Web App Hacking: Web Application Technologies, Part 1

Hacking

Welcome back, my aspiring hackers!

Before embarking upon the study of web application hacking, you need to be familiar with the technologies being used by web apps. To hack the web applications, we need at least a cursory understanding of the multitude of technologies being implemented into modern web applications. To that end, I will try to provide you the basics on the key web technologies that may be exploited in taking control of a web application.

HTTP Protocol

The HyperText Transfer Protocol or HTTP is the granddaddy of web technologies. It is the core communication protocol of the web and all web applications use it. It’s a simple protocol originally designed to retrieve static web pages. Over the years, it has been updated and extended to offer support to complex applications that are common today.

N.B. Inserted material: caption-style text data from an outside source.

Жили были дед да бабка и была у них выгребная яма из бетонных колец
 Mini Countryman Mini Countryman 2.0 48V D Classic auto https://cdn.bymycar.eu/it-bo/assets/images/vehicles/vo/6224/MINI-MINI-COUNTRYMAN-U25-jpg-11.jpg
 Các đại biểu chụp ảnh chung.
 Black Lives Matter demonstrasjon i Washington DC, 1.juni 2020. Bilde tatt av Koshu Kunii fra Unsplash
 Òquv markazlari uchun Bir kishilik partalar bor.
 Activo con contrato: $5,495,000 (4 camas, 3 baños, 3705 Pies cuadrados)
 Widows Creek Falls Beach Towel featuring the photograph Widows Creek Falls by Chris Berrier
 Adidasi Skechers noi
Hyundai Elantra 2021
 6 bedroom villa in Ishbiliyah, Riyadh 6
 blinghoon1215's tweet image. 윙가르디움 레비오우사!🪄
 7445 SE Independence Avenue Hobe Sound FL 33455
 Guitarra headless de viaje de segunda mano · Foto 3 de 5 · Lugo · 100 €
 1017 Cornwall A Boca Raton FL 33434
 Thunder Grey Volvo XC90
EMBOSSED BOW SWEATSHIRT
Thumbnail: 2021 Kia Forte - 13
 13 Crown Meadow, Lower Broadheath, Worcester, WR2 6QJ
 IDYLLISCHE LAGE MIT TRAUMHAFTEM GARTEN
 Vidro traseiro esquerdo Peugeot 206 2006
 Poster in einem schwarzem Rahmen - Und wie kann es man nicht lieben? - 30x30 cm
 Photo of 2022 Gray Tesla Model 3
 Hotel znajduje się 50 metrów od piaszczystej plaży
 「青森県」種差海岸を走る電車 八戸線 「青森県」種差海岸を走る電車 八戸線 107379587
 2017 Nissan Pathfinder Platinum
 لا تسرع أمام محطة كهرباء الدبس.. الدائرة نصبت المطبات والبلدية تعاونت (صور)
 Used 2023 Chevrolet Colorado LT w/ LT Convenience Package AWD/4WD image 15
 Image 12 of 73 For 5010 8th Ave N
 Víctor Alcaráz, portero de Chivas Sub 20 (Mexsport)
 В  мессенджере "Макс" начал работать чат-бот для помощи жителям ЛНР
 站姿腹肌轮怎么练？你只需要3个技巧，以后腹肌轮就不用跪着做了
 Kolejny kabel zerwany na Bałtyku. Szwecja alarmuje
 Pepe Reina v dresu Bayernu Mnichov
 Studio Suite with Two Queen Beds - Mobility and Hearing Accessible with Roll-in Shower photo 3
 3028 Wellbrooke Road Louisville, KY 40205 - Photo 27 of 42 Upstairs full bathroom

HTTP uses a message based model where the client sends a request and the server responds with a response. It is connection-less, but uses TCP as its transport mechanism.

 

HTTP Requests

All HTTP messages contain the same basic elements;

1. One or more headers

2. Then a blank line

3. An optional Message Body

The first line of the HTTP requests has three elements, separated by spaces

 

1. A verb (action word) indicating the HTTP method (see methods below). Among these, the most common is GET. The GET method retrieves a resource from the web server

2. The requested URL

3. The HTTP version used

 

HTTP Responses

The typical HTTP response consists of three items;

1. The HTTP version

2. The numeric status code (see status codes below).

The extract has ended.